** TASK TO CARRY OUT **
Copy the listing below in full and skip every picture.

** DATASET EXTRACT **

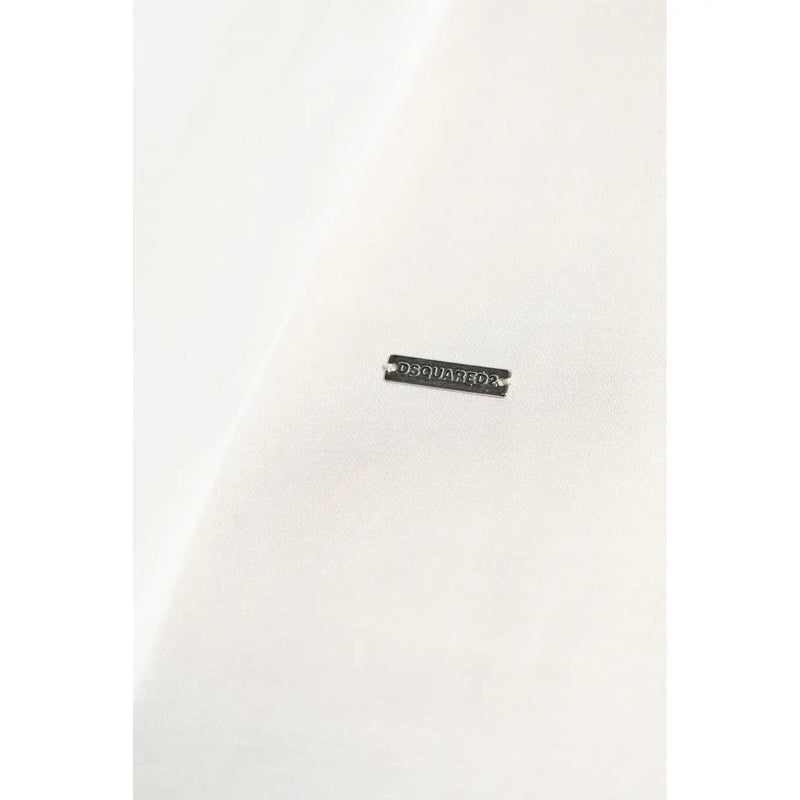 A sleek black dsquared2 brand tag with silver lettering on a white viscose dsquared2 women blouse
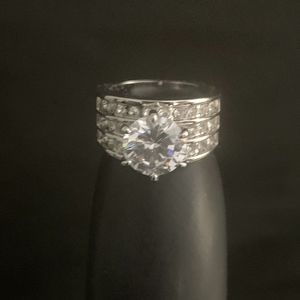 Charter Club Crystal Triple-Row Ring in Fine Silver Plate, Shop High-Quality Mer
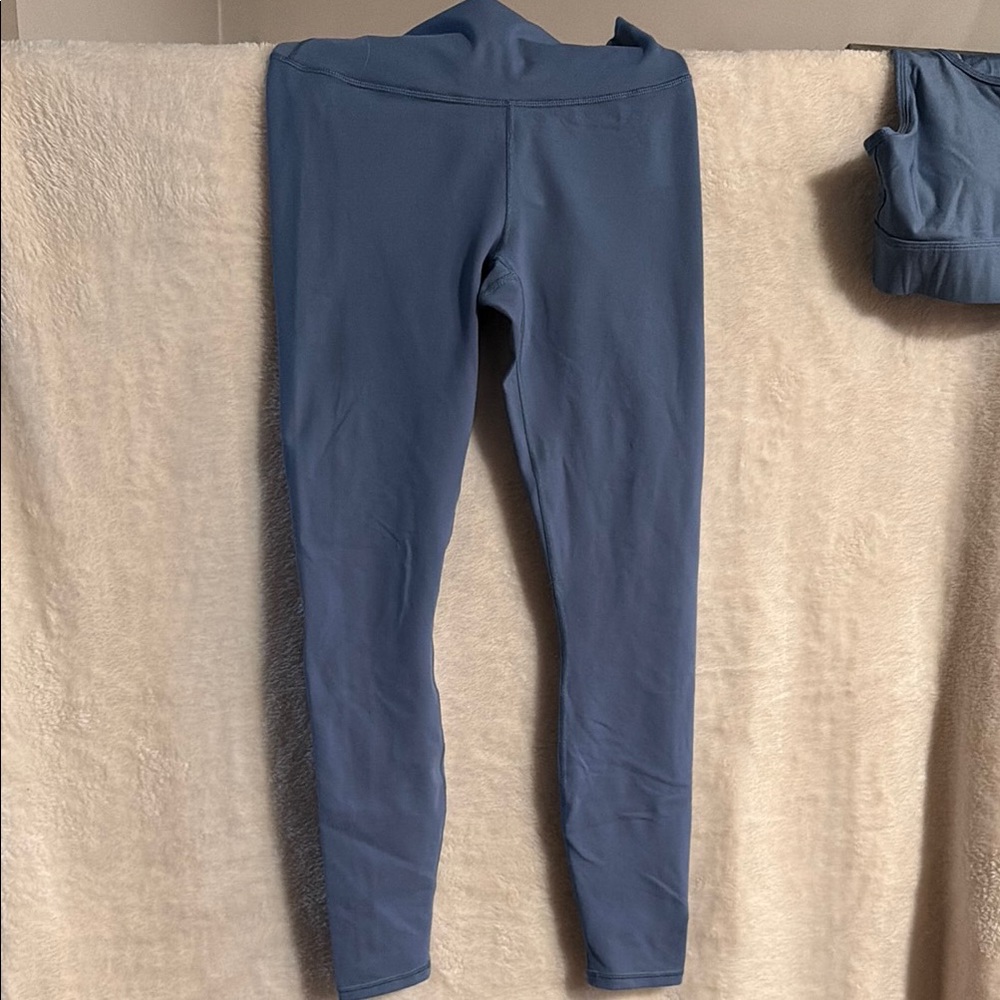 Blue High-Waisted Fabletics Powerhold Leggings. Size small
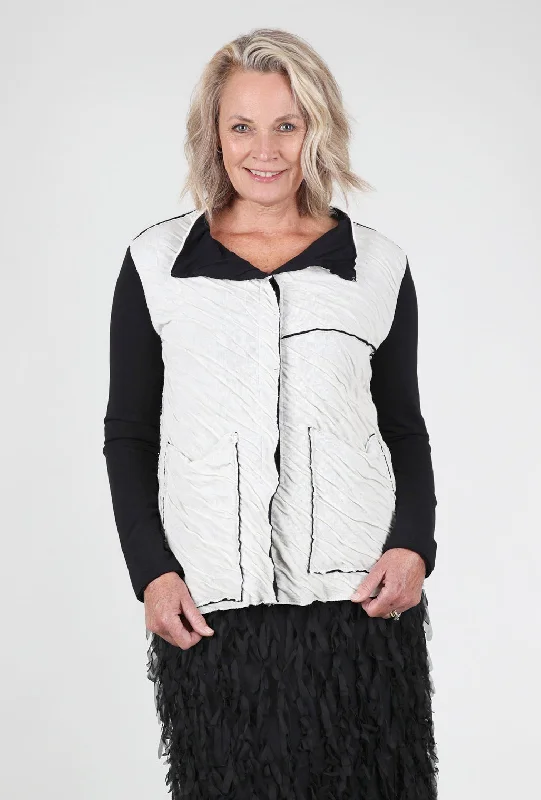 Candace Knit Jacket, White/Black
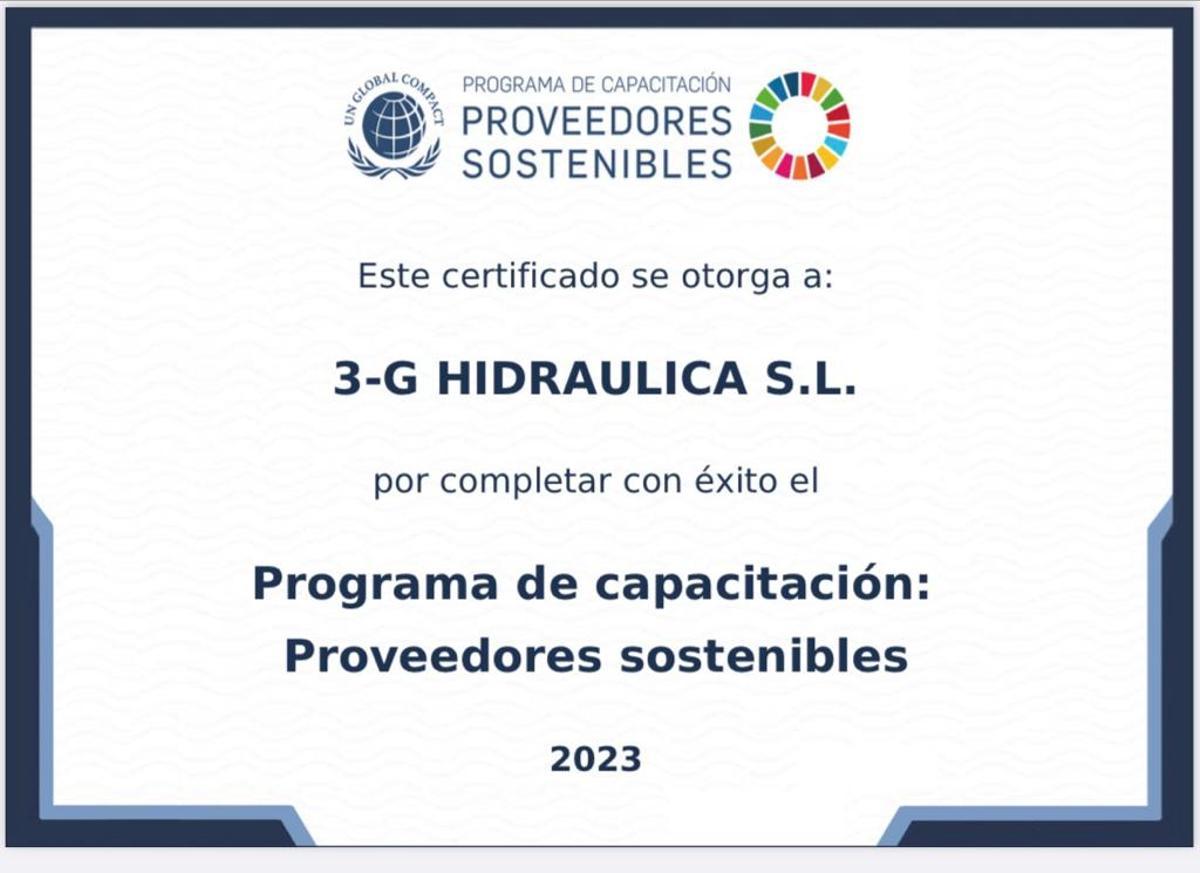 3-G Hidráulica cuenta con el certificado de proveedores sostenibles.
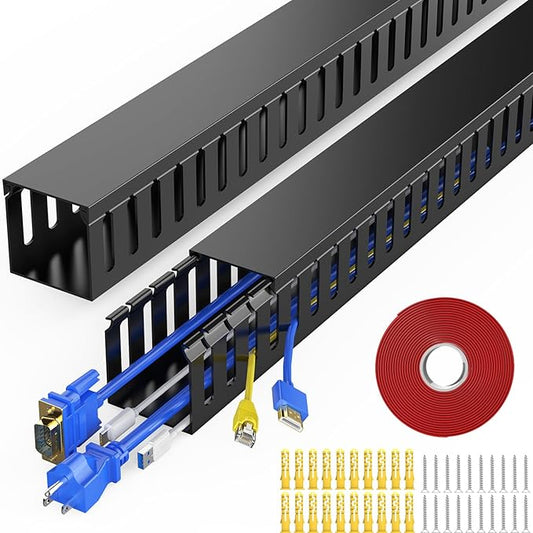 Open Slot Wiring Raceway Cable Duct, 30.8in Cable Management Channel Cord,Desk Wire Channel, Under Desk Cable Management to Hide Cables, Wires for Computers (Black, 1.97" Hx1.97 W, 15.4''L(2 Pc))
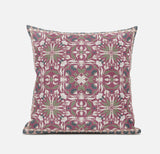 16? Magenta White Paisley Zippered Suede Throw Pillow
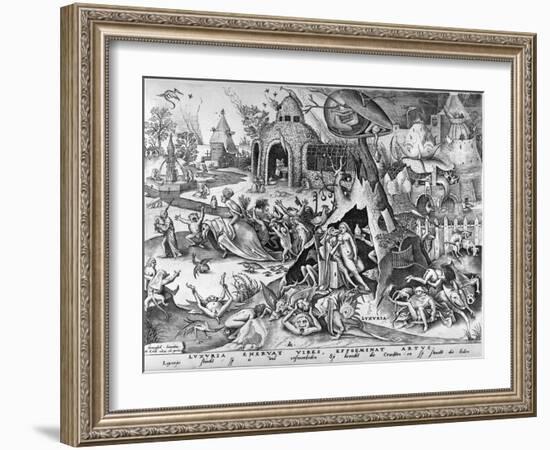 Lust, from the Seven Deadly Sins, Engraved by Pieter Ven Der Heyden, 1558-Pieter Bruegel the Elder-Framed Giclee Print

** OUTPUT OF THE TASK **
 A sleek black dsquared2 brand tag with silver lettering on a white viscose dsquared2 women blouse
 Charter Club Crystal Triple-Row Ring in Fine Silver Plate, Shop High-Quality Mer
 Blue High-Waisted Fabletics Powerhold Leggings. Size small
 Candace Knit Jacket, White/Black
 3-G Hidráulica cuenta con el certificado de proveedores sostenibles.
 Open Slot Wiring Raceway Cable Duct, 30.8in Cable Management Channel Cord,Desk Wire Channel, Under Desk Cable Management to Hide Cables, Wires for Computers (Black, 1.97" Hx1.97 W, 15.4''L(2 Pc))
 16? Magenta White Paisley Zippered Suede Throw Pillow
 Lust, from the Seven Deadly Sins, Engraved by Pieter Ven Der Heyden, 1558-Pieter Bruegel the Elder-Framed Giclee Print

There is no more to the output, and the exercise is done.